> [Work to be completed]
Give again, word for word, each line below starting at the one that contains "2014 Ram 2500 Longhorn" and ending at the one that contains "Maison bourgeoise - 185 m² - 7 pièces".

> [Information provided]
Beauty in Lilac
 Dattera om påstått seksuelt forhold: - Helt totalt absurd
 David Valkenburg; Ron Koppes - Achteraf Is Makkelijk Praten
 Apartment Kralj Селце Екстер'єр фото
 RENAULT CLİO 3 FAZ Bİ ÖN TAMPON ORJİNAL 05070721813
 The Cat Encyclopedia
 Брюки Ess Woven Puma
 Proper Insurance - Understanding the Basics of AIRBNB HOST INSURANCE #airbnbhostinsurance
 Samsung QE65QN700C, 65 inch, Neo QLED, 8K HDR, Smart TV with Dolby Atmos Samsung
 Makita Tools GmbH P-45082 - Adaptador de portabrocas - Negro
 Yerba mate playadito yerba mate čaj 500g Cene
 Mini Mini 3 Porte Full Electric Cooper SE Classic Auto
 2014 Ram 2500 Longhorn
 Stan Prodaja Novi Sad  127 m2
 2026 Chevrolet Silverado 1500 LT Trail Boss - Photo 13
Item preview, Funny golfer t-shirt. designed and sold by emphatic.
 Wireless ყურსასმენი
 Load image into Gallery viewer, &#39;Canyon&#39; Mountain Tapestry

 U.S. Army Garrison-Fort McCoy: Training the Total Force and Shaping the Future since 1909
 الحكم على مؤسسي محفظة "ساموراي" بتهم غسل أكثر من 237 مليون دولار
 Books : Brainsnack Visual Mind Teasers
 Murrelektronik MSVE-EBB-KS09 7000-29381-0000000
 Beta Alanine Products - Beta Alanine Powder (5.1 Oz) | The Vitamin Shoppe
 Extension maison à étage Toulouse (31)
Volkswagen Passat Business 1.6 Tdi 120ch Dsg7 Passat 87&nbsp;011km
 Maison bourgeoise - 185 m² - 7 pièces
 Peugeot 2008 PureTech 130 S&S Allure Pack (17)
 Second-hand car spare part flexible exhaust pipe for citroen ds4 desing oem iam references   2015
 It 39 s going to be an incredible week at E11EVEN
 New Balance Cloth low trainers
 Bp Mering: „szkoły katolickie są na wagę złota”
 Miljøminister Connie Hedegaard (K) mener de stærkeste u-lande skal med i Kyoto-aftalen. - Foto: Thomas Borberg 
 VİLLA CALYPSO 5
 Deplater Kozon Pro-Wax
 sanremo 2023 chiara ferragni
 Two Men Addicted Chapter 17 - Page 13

> [Your solution]
 2014 Ram 2500 Longhorn
 Stan Prodaja Novi Sad  127 m2
 2026 Chevrolet Silverado 1500 LT Trail Boss - Photo 13
Item preview, Funny golfer t-shirt. designed and sold by emphatic.
 Wireless ყურსასმენი
 Load image into Gallery viewer, &#39;Canyon&#39; Mountain Tapestry

 U.S. Army Garrison-Fort McCoy: Training the Total Force and Shaping the Future since 1909
 الحكم على مؤسسي محفظة "ساموراي" بتهم غسل أكثر من 237 مليون دولار
 Books : Brainsnack Visual Mind Teasers
 Murrelektronik MSVE-EBB-KS09 7000-29381-0000000
 Beta Alanine Products - Beta Alanine Powder (5.1 Oz) | The Vitamin Shoppe
 Extension maison à étage Toulouse (31)
Volkswagen Passat Business 1.6 Tdi 120ch Dsg7 Passat 87&nbsp;011km
 Maison bourgeoise - 185 m² - 7 pièces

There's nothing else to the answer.